- Theatrical release poster
- Directed by: Kevin Ko
- Written by: Sung In Carolyn Lin
- Produced by: Michelle Yeh Maxx Tsai
- Starring: Ray Chang Jerry Huang Julianne Chu Maria Ozawa
- Cinematography: James Yuan
- Edited by: Kevin Ko Henry Wei
- Music by: Cody Westheimer
- Production company: Three Dots Entertainment
- Distributed by: Warner Bros. Pictures
- Release date: April 17, 2009;
- Running time: 95 minutes
- Country: Taiwan
- Languages: Mandarin English
- Box office: US$30,798

= Invitation Only (film) =

Invitation Only (絕命派對 or Jue ming pai dui) is a Taiwanese horror film directed by Kevin Ko and released in April 2009. The film was billed as "Taiwan's First-Ever Slasher Horror".

==Plot==
Wade Chen, who works for a rich and powerful CEO, Mr.
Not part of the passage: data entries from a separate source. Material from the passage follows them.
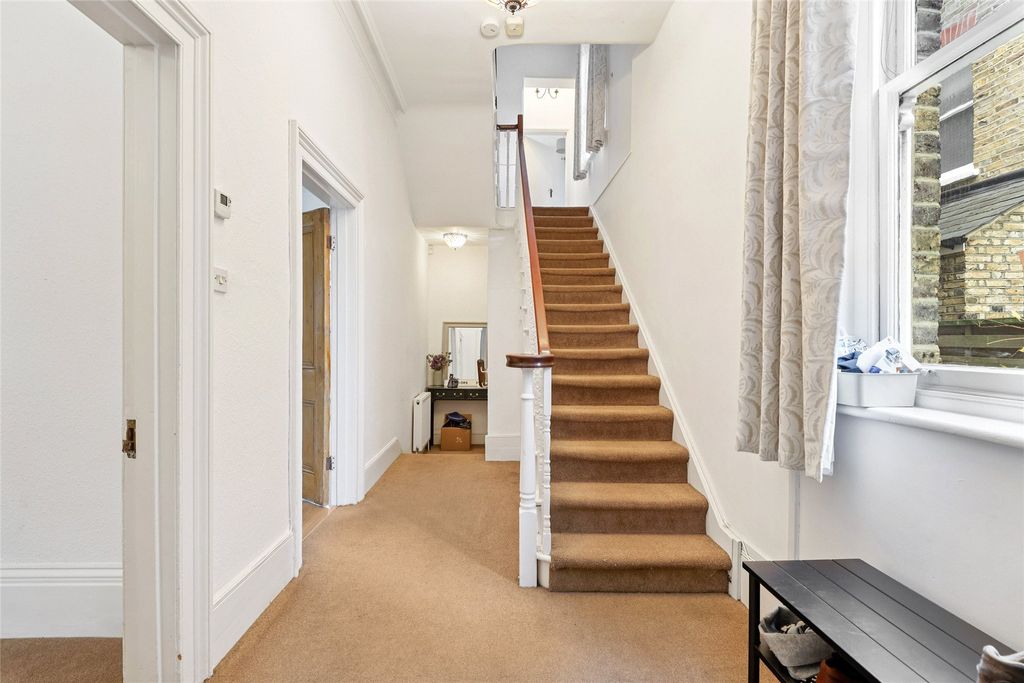 Property photo 3 of 16 Picture No. 02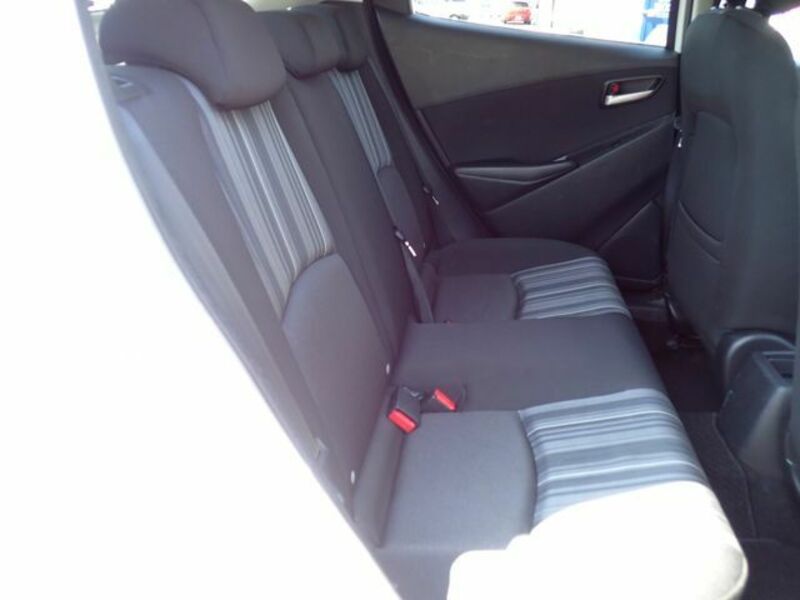 MAZDA2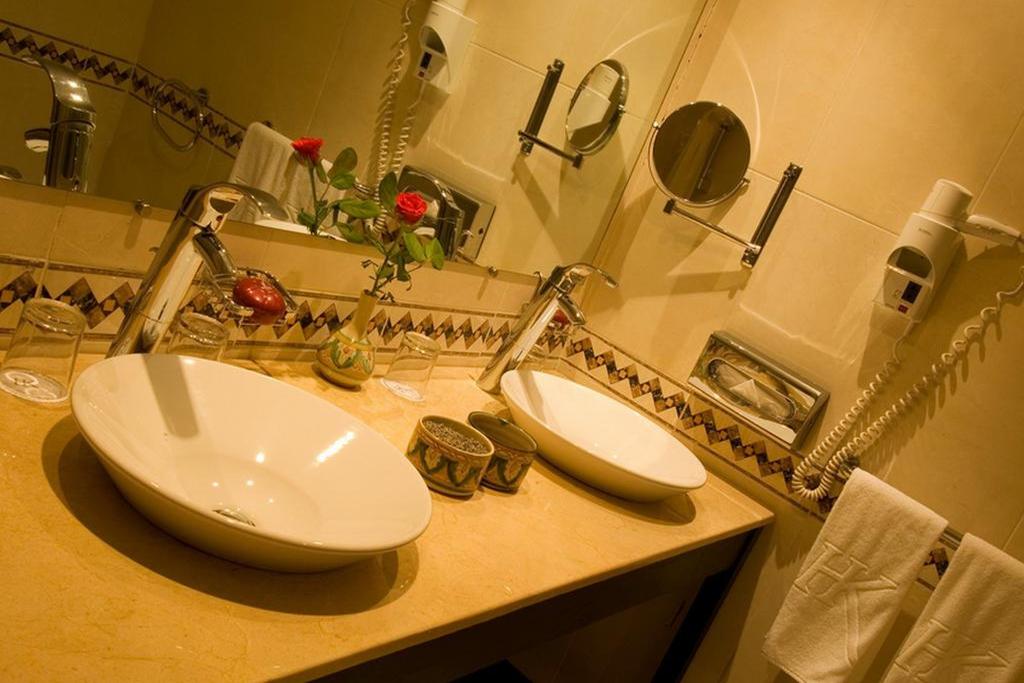 Hotel Marrakech Le Semiramis photo 35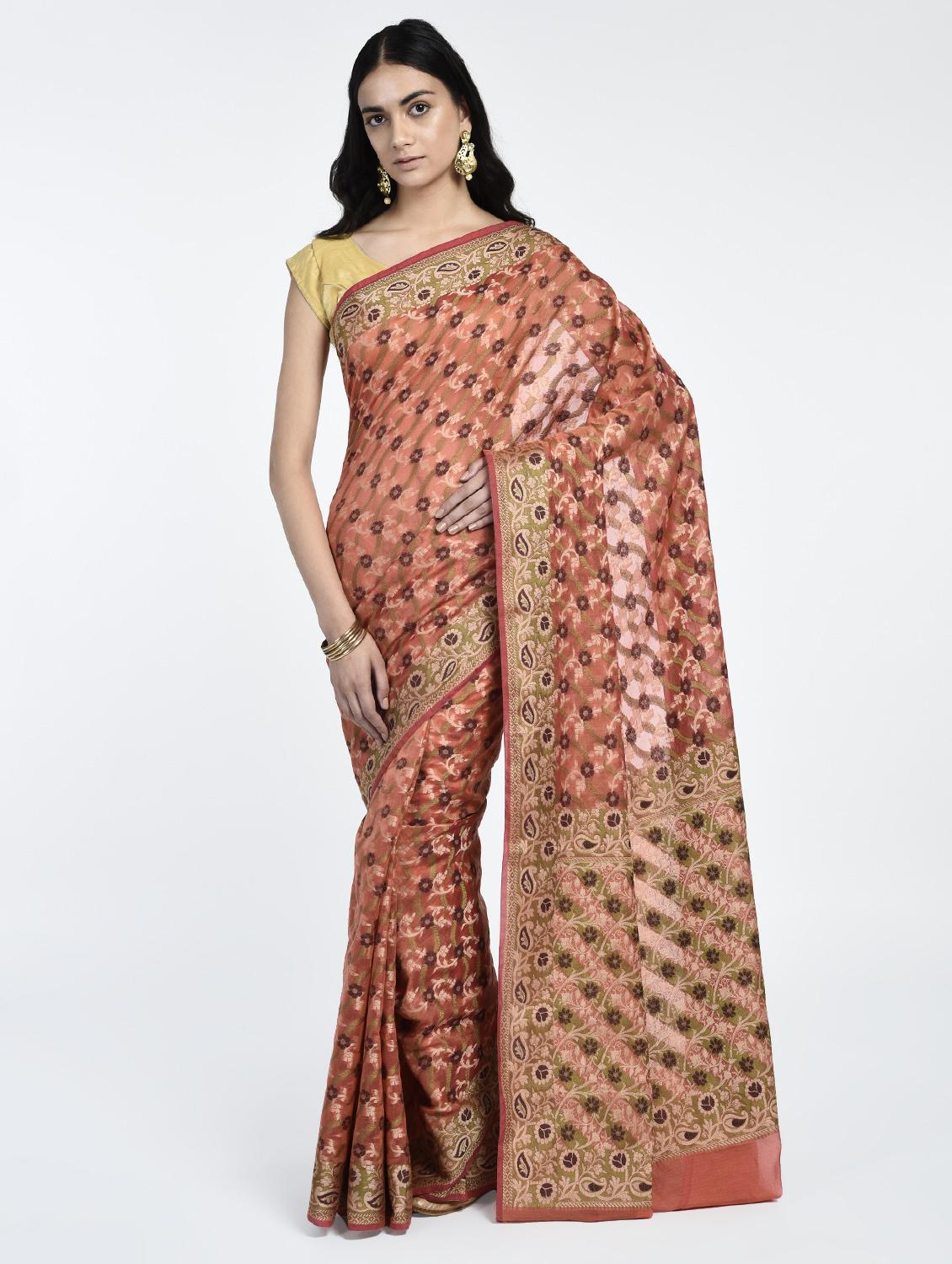 floral Zari motif Banarasi Saree with blouse - 15345766 - Zoom Image - 1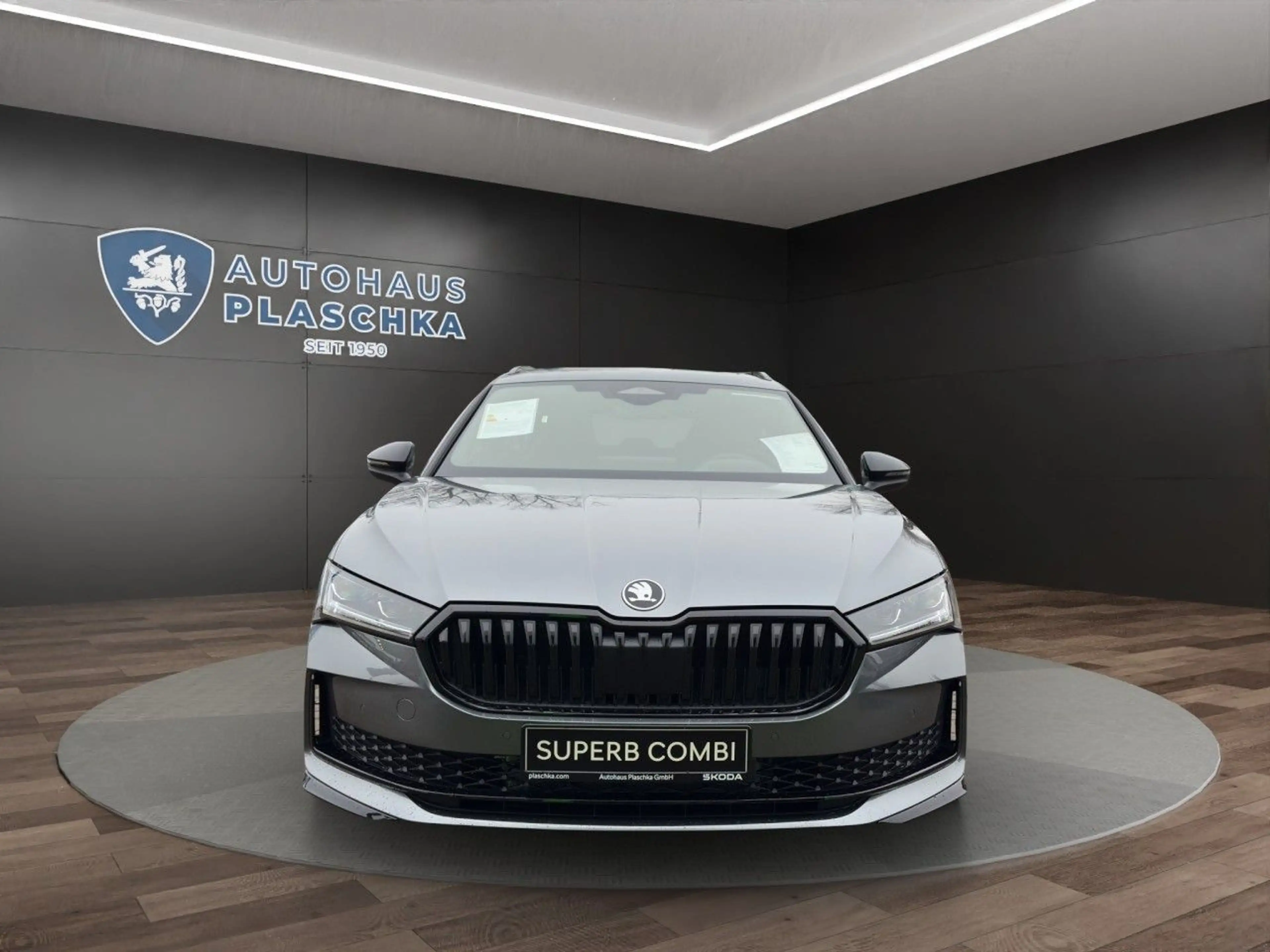 Skoda Superb C. Sportline 2,0 TDI 142kW 7-Gang-DSG 4x4 — photo 2
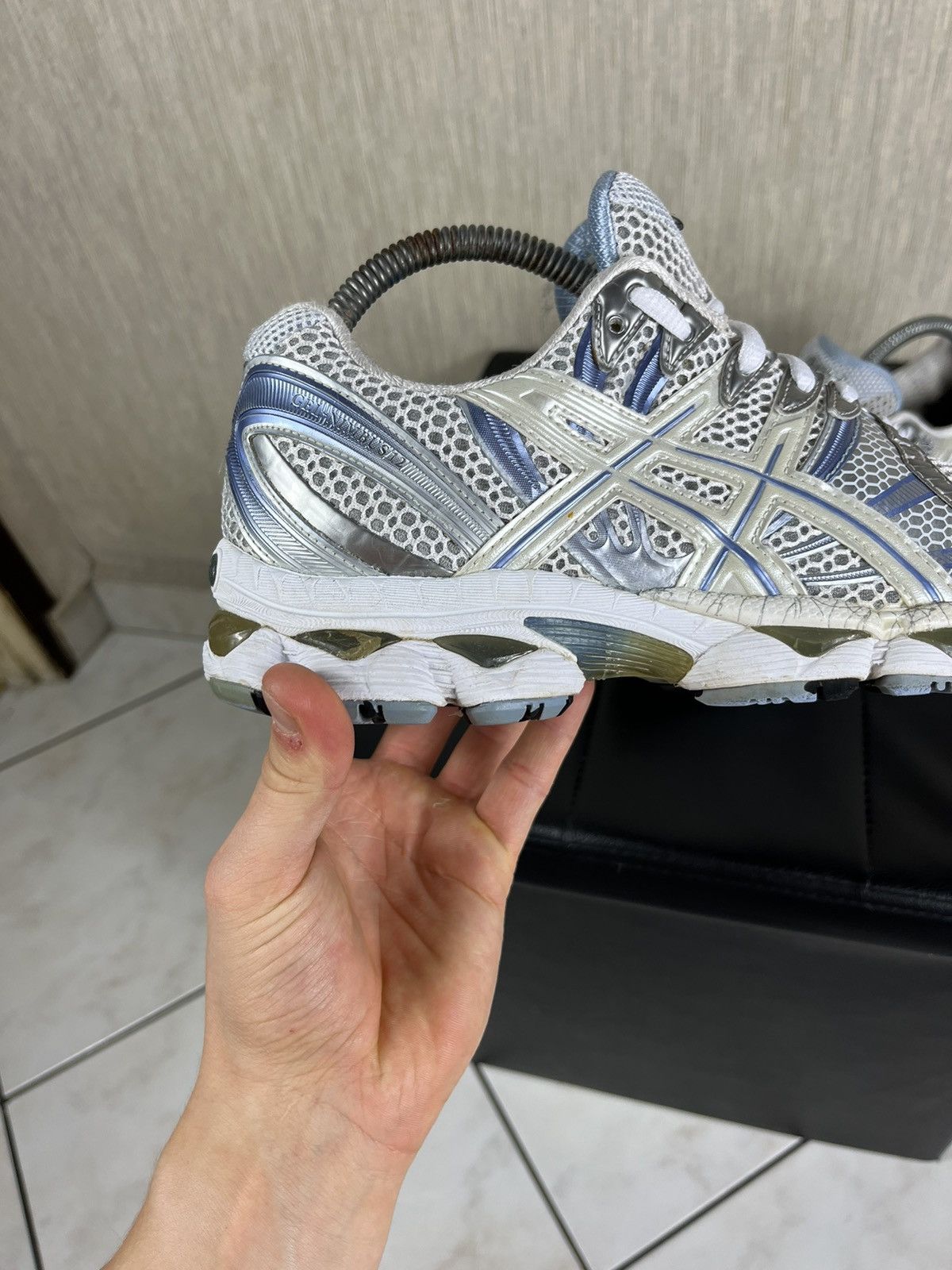 Vintage Asics gel nimbus 12 silver blue mesh sneakers shoes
Yang, accidentally sees his boss having sex with supermodel Dana. His boss supposedly rewards him by sending him to an exclusive party on company money. Wade's evening at the party includes receiving a new car, dancing, gambling and sex with the boss' mistress Dana. However, leaving the party is a problem and the guests are systematically hunted down and slaughtered by a masked slasher.

==Production==
Invitation Only marks the debut film for director Kevin Ko. A Love HK Film article describes the production as a "low-budget affair; the film was shot on high-def and the art direction is only a step up from 'converted warehouse'".

==Release==
The film was released theatrically in Taiwan on April 17, 2009, and in Hong Kong on June 18, 2009. Invitation Only was also released on DVD with English subtitles in 2009.

==Reception==
Invitation Only was received relatively poorly. Love HK Film wrote that it is "another film following in the footsteps of the "torture porn" vogue" and that it is an "entertaining if unremarkable thriller". China Post said it is for horror-fans only and that any "merit or message in “Invitation Only” is washed away in the crimson tide of bloodletting that it unleashes". Ho Yi at the Taipei Times was more positive, calling it a "90-minute ride of guilty thrills that combines graphic violence, repulsive torture and sexually suggestive imagery with bitter commentary on a wealth-obsessed society."